U.K. Announces an Official Date for Triggering Brexit
Prime Minister Theresa May will trigger Article 50 of the EU charter, the process by which negotiations for the U.K. to leave the European Union will officially begin, on Wednesday, March 29, her office announced Monday. The decision comes a little more than nine months after Britons voted 52 percent to 48 percent to leave the EU. The results of the vote were a shock to the establishment, which had warned of dire consequences should Brexit occur. So far, none of the worst predictions have come true. Still, it’s unclear what a future U.K.-EU relationship will look like. A “hard Brexit” would mean the U.K. loses access to the EU single market while a “soft Brexit” would leave the relationship between the U.K. and the EU mostly intact—but with important exceptions.
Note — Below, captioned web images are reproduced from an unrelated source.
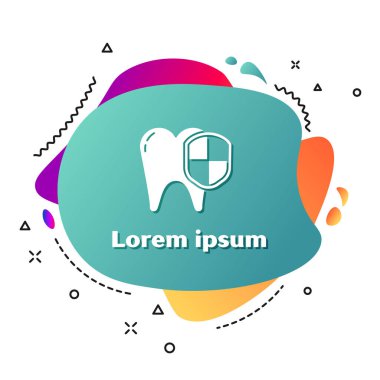 Beyaz diş koruma simgesi beyaz arkaplanda izole edildi. Kalkan logosunda diş. Sıvı şekilli soyut pankart. Vektör İllüstrasyonu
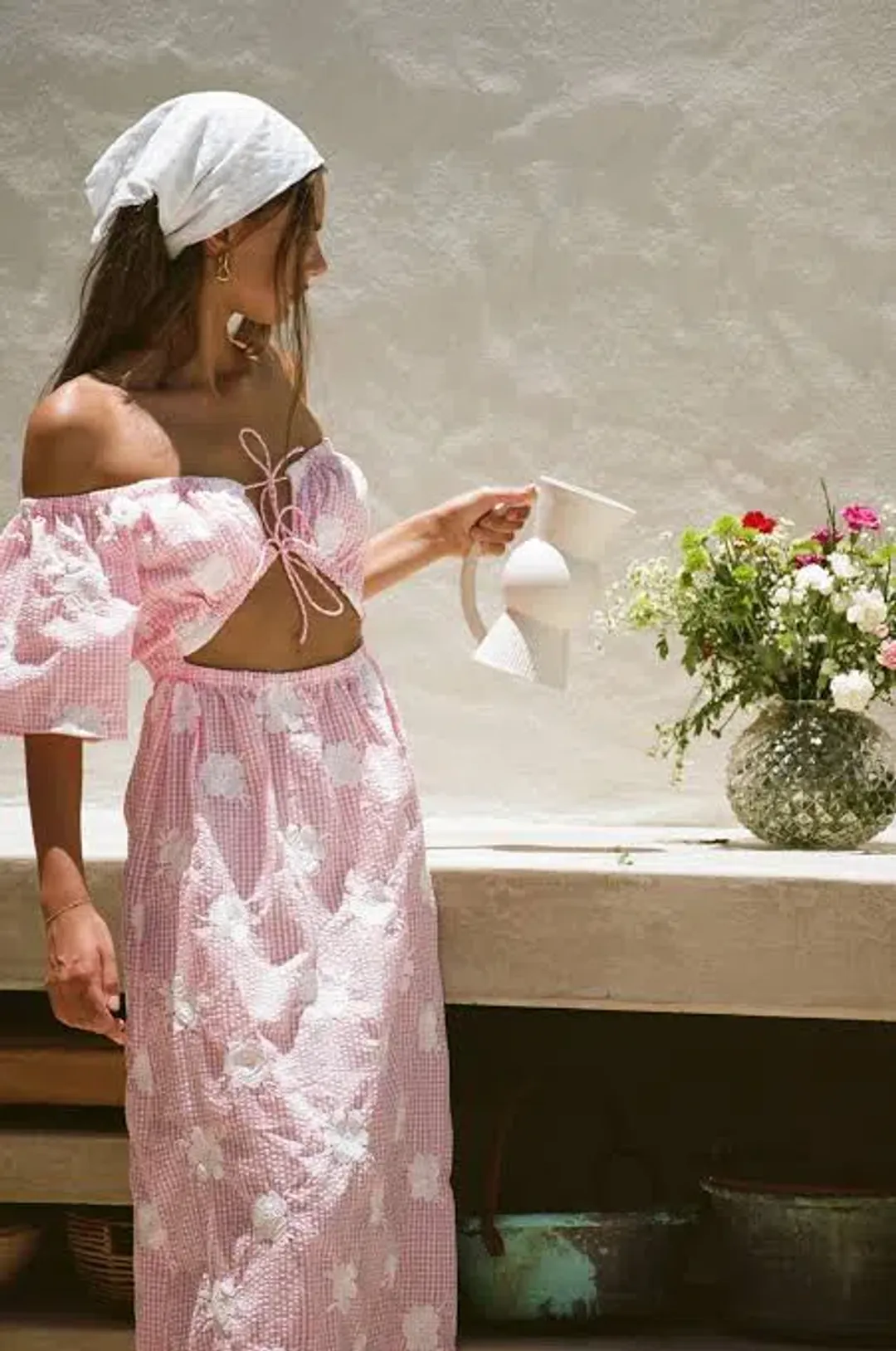 Sabo Skirt Nalu Off Shoulder Dress Gingham Pink/White Size XL / AU 14 for rent on The Volte - main image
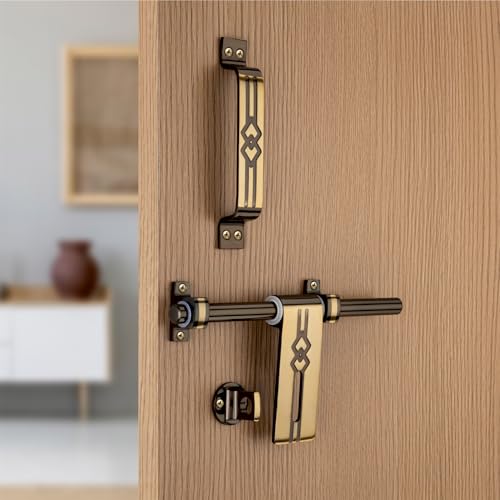 Image of COMPASS Seiko Stainless Steel Heavy Single Door Fitting Accessories Full Set /Kit (1 Aldrop, 1 Latch, 2 Handles, 1 Tower Bolt and 1 Door Stopper | 10 inch | Vintage Finish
The U.K. is likely to seek a deal that does not adversely affect its business interests or hurt the City of London, which is the de-facto financial capital of Europe. The EU, on the other hand, will be keen to protect its own interests; giving away too much to the U.K. might encourage other members of the bloc to leave, as well. The two sides are expected to spend about two years discussing the contours of what that relationship will be, until which the U.K. remains a member of the EU. If all goes according to the timetable, Brexit will officially happen in March 2019. An EU spokesman said the bloc was “ready and waiting” for the official notification of the Article 50 trigger from the U.K. government.
Judge Gorsuch Prepares for Confirmation Hearings
Judge Neil Gorsuch, President Trump’s nominee to the U.S. Supreme Court, will appear today before the Senate Judiciary Committee for the start of his confirmation hearings. My colleague Clare Foran wrote about what’s at stake for Democrats and Republicans at the hearing for the judge who would replace the late Antonin Scalia on the court. The hearings, she writes, “will mark a departure from the treatment that Merrick Garland, former President Obama’s nominee to fill the same Supreme Court seat, faced in Congress last year when Senate Republicans broke with tradition by refusing to hold even a single hearing to consider the nomination.” Here’s more:
Even if Democrats wanted to, the party can’t mount the same kind of all-out opposition to Trump’s Supreme Court nominee. The most glaring reason is that Democrats don’t control the Senate, and Republicans have the power to set the hearing agenda. Still, Democrats could be putting up more of a fight than they have so far, and have faced criticism from left-leaning advocacy groups as a result.
But part of the reason Democrats haven’t taken a hard-line approach on par with how Republicans treated Obama’s nominee may be because public opinion surveys suggest liberal voters are less concerned than conservatives about the current Supreme Court vacancy, and who gets to replace the late conservative Justice Antonin Scalia.